Ditambah lagi saat ini sebagian wilayah Indonesia sedang ditutupi asap akibat pembakaran hutan dan terbakarnya lahan gambut kering. Korbannya bukan hanya hutan beserta ekosistemnya, namun juga penduduk yang tinggal dalam radius ribuan kilometer, bahkan hingga manca negara.
Akar permasalahan dari kondisi ini adalah para pengusaha yang tidak memiliki wawasan lingkungan bekerja sama dengan pemerintah yang korup, untuk mengeruk hasil bumi Indonesia sebesar-besarnya demi kemakmuran mereka dan kroninya.
Masih ingatkah, wawancara menteri kehutanan jaman SBY (Zulkifli Hasan) dengan Harrison Ford?
Dalam video tersebut juga ada gambaran kerusakan hutan di Taman Nasional Tesso Nilo. (Video dan terjemahannya pada bagian bawah tulisan saya ini).
Salah satu yang membuat saya kaget adalah kenyataan bahwa perusahaan milik pengusaha-pengusaha yang imagenya bersih seperti Sandiaga Uno yaitu PT Langgam Inti Hibrindo (anak usaha PT. Provident Agro Tbk) merupakan salah satu perusahaan yang melakukan pembakaran lahan dan hutan.
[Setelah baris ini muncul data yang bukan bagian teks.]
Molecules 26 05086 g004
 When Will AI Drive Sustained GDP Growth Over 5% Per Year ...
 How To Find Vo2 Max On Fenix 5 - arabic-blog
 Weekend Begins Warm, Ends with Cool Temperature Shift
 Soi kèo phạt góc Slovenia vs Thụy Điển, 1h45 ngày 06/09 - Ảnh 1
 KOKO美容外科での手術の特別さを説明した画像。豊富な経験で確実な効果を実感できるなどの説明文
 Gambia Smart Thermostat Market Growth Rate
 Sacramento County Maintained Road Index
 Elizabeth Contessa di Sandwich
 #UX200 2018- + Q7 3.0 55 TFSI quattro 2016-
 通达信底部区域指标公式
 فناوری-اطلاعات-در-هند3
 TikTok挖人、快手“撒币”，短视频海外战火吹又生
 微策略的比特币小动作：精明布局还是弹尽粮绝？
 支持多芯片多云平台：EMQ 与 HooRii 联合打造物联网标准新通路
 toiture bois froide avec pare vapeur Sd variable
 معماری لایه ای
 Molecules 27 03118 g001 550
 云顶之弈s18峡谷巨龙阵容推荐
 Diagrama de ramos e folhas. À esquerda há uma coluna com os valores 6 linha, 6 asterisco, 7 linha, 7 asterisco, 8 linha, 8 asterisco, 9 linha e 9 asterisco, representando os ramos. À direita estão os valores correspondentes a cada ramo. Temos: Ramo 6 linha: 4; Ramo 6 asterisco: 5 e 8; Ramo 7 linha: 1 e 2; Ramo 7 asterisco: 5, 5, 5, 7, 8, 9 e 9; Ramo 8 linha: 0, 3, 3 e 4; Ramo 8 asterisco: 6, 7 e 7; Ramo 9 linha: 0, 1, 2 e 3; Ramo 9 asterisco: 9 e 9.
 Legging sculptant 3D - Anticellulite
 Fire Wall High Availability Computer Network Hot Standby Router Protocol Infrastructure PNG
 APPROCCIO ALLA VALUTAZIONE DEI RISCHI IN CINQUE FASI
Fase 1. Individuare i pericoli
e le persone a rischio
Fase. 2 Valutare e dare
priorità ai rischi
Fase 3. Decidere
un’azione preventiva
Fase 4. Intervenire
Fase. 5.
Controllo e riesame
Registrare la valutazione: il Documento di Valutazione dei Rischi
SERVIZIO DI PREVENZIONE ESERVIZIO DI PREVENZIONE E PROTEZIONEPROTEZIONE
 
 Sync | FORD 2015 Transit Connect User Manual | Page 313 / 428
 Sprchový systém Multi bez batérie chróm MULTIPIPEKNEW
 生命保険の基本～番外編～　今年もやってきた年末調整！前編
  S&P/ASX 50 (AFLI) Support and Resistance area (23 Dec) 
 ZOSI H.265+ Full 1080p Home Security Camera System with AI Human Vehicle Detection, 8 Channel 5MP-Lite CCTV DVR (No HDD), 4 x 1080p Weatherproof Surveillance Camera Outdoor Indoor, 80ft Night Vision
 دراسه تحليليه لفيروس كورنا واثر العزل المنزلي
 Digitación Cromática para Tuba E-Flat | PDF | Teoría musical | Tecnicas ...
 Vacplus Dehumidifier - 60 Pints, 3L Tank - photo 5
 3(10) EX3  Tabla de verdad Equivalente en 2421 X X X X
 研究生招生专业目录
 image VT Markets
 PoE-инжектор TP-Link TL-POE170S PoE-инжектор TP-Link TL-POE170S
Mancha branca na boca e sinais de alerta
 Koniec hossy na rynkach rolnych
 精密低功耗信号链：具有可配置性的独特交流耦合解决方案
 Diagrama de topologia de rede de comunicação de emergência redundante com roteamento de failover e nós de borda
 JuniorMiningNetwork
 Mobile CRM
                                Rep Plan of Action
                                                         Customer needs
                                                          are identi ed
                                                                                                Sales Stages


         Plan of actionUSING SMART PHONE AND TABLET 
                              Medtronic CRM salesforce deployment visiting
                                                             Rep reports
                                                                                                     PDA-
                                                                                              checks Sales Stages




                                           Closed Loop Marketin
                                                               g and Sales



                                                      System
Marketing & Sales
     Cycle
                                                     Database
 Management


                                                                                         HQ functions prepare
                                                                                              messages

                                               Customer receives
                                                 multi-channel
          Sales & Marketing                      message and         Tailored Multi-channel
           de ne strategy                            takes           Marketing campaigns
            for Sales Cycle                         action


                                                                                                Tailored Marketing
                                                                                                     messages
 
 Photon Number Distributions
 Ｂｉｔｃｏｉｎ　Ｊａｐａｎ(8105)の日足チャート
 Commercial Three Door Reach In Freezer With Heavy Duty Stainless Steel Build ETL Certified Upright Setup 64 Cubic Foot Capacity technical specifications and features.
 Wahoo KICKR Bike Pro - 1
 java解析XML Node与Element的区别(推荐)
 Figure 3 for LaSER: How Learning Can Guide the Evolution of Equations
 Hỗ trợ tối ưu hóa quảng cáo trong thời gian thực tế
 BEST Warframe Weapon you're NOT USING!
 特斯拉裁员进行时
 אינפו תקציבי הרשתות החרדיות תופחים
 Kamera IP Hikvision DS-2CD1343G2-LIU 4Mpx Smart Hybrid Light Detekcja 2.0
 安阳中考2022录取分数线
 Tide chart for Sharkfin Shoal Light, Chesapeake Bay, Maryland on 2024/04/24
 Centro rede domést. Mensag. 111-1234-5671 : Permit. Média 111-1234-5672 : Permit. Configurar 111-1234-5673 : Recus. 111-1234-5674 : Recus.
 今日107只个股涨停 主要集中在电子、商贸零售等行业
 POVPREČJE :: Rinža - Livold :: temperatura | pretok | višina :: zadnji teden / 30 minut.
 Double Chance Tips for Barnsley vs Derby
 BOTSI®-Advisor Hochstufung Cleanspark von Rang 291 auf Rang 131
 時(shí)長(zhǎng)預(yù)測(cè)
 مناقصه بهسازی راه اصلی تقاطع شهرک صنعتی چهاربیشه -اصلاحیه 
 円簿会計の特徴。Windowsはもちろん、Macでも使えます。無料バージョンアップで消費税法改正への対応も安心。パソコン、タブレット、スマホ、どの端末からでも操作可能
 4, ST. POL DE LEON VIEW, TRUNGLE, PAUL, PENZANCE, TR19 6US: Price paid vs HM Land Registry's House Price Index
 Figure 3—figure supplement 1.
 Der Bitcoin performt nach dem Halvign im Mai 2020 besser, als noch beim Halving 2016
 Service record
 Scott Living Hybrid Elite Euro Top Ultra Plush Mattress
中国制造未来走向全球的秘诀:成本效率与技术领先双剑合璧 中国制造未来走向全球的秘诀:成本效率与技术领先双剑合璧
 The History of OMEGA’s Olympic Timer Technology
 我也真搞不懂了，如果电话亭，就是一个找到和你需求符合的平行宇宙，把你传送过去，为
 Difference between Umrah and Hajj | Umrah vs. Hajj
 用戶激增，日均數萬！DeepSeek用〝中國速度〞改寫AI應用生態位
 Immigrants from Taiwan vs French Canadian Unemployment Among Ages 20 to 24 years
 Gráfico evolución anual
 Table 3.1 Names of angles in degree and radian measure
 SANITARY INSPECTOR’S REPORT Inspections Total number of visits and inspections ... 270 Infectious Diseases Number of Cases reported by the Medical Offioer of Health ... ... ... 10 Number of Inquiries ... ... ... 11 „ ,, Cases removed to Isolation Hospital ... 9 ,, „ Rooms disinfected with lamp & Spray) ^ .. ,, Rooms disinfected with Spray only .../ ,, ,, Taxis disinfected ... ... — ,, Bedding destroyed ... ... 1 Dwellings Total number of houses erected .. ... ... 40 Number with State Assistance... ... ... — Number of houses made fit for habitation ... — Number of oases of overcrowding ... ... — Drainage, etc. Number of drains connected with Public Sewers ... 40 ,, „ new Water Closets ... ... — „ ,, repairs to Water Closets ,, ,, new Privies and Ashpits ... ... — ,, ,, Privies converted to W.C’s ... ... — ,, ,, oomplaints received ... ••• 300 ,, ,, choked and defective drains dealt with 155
Terus terang tadinya saya sangat bersimpatik dengan Sandiaga Uno dan seringkali mengikuti kiat-kiat sukses beliau melalui You Tube. Sebagai pengusaha saya memang harus belajar dari pengusaha lainnya.
Tentu saja ini mengherankan, bukankan Sandiaga Uno adalah penerima penghargaan PROPER Level Emas dari KLH (Program Peringkat Kinerja Perusahaan dalam Pengelolaan Lingkungan Hidup), 2 tahun berturut-turut pula.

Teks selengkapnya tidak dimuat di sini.